As lições do vídeo da reunião ministerial
A evolução do combate à corrupção e a mudança no perfil dos alvos ligaram o alerta da classe política para o trabalho que vinha se fazendo na PF
Há uma conclusão lógica e, consequentemente, uma lição a ser tomada, da celeuma em torno do vídeo que registrou a fatídica reunião ministerial, na qual supostamente o presidente Jair Bolsonaro teria ameaçado o então ministro Sergio Moro de demissão, por conta da mudança da chefia da unidade da PF no Rio de Janeiro.
Da recorrente obsessão – controversa e mal explicada – de um presidente da República por uma específica unidade da Polícia Federal, concluímos o quanto essa instituição e o trabalho por ela desenvolvido tornou-se relevante, para não dizer apavorante, para certos extratos do Poder.
A PF efetivamente preocupa algumas autoridades, e isso não ocorre porque a instituição faz coisas erradas, muito pelo contrário. Homens que não devem nada à Justiça não guardam curiosidade alguma sobre o que tramita nas delegacias de polícia.

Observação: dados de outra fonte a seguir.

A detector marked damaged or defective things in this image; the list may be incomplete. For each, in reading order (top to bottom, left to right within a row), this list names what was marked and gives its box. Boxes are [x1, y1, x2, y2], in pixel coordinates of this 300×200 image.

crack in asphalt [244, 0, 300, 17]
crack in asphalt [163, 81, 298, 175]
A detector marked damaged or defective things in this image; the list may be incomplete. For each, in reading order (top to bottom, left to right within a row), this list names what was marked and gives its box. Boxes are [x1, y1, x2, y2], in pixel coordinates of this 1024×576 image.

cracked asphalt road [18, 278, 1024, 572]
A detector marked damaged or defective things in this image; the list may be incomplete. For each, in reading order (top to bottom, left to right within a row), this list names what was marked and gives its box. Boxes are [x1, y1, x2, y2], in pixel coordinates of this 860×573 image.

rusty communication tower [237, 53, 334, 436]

A evolução do combate à corrupção, e a mudança no perfil dos alvos e na abrangência das apurações despertaram, como seria inevitável, reações do sistema. A primeira delas foi ligar o alerta da classe política para o trabalho que se fazia na corporação – e a pressão aumentou consideravelmente nos últimos quinze anos.

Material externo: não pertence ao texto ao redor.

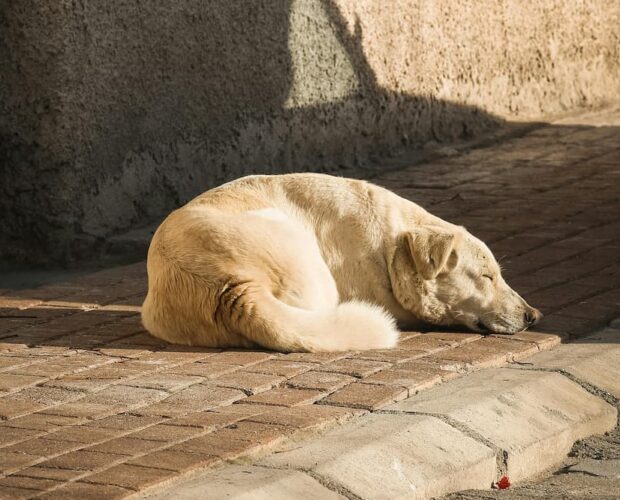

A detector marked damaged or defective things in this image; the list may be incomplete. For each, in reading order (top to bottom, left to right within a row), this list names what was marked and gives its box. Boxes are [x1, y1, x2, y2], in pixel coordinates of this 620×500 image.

cracked wall surface [3, 0, 620, 266]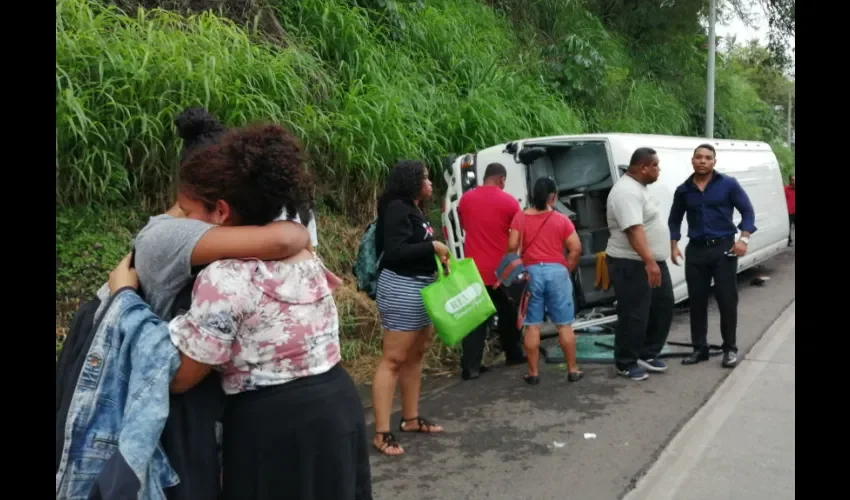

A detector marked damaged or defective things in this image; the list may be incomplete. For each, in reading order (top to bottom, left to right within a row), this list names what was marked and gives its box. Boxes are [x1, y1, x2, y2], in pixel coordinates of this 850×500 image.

overturned white van [440, 135, 792, 334]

A obtenção de informações privilegiadas sobre as nossas operações e inquéritos sempre foi o objetivo maior desses políticos, pois, afinal, eles precisam se proteger. De uns tempos para cá, mormente após o início da era das megaoperações da Polícia Federal, iniciou-se uma prática que vem passando batida aos olhos da sociedade: a abdução de delegados da PF.
Esse expediente começou com os convites de políticos para que delegados federais assumissem funções comissionadas fora da Polícia Federal, como a própria a Agência Brasileira de Inteligência – ABIN, que definitivamente não é lugar para um delegado da Polícia Federal da ativa.

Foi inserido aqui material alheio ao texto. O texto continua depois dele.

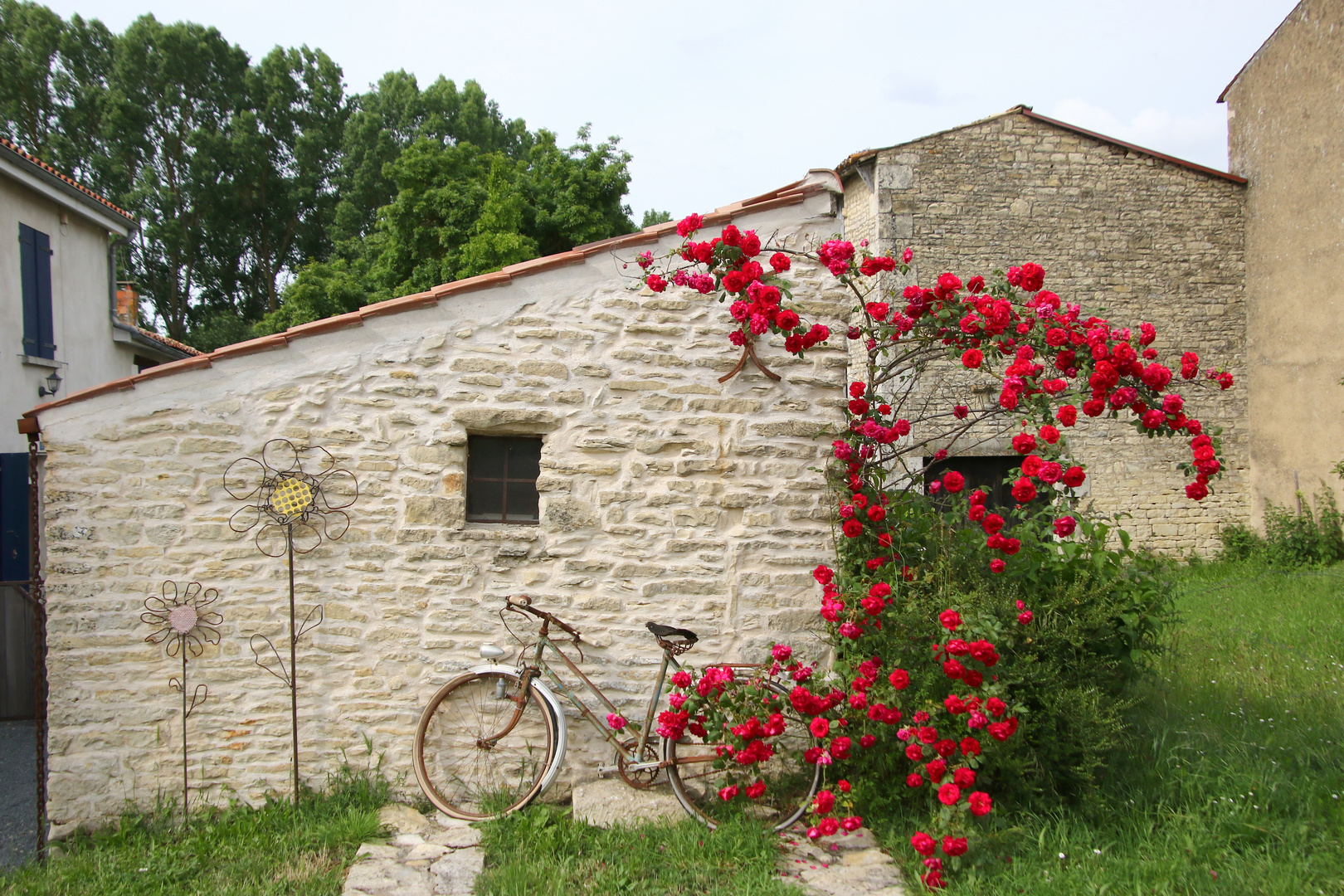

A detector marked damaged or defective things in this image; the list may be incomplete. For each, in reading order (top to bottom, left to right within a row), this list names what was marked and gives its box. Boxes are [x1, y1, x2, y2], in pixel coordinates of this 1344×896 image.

rusty bicycle [411, 591, 816, 832]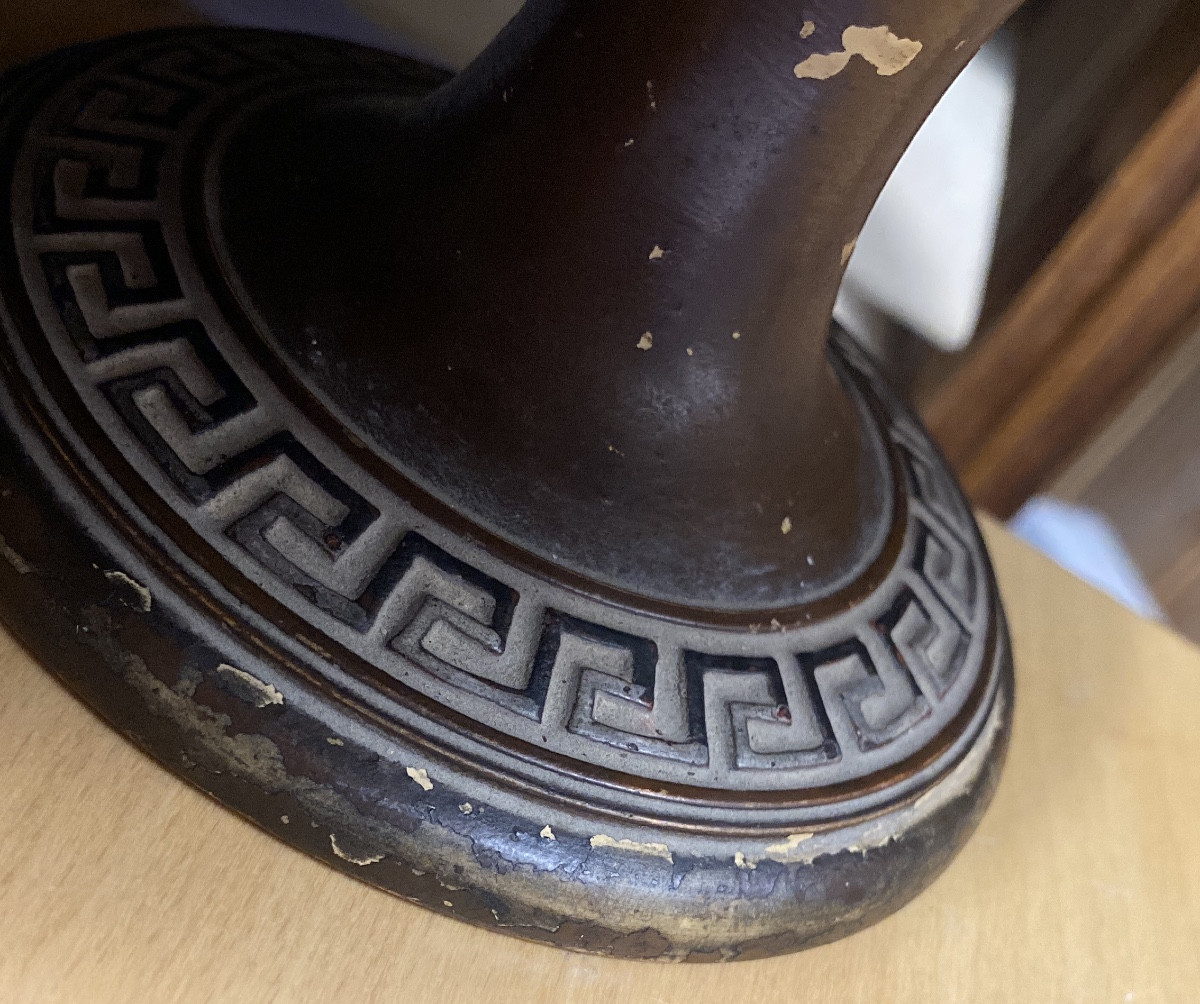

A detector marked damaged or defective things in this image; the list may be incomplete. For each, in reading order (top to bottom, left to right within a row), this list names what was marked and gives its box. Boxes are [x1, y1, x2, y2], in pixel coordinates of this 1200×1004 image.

chipped paint [792, 24, 924, 81]
chipped paint [0, 532, 30, 572]
chipped paint [104, 572, 152, 612]
chipped paint [214, 664, 282, 708]
chipped paint [408, 768, 436, 792]
chipped paint [330, 836, 382, 868]
chipped paint [592, 832, 676, 864]
chipped paint [768, 832, 816, 864]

A classe política, já que não podia indicar gente de fora para as funções de comando no âmbito da Polícia Federal, identificou uma forma de ter, futuramente, um delegado “para chamar de seu”. Nascia aí, de forma quase que silenciosa e incipiente, o golpe da abdução do delegado federal e, por conseguinte, a figura do “delegado pet”.
Os políticos abduzem alguns delegados assim como os extraterrestres procediam no famoso seriado de televisão, Arquivo X, quando um disco voador descia, pegava uma pessoa na Terra e, depois, devolvia alguém totalmente diferente, dentro do mesmo corpo. Assim ocorre com esses colegas, que raramente conseguem retornar “inteiros” para a Polícia Federal.
Temos que entender, de uma vez por todas, que o cenário político brasileiro foi parcialmente tomado pela corrupção, por grupos de malfeitores, e que isso, por si só, já seria suficiente para que homens da Lei, autoridades policiais, tomassem, por cautela, uma distância mínima regulamentar dessa classe de pessoas, que a tudo influencia e a todos contamina.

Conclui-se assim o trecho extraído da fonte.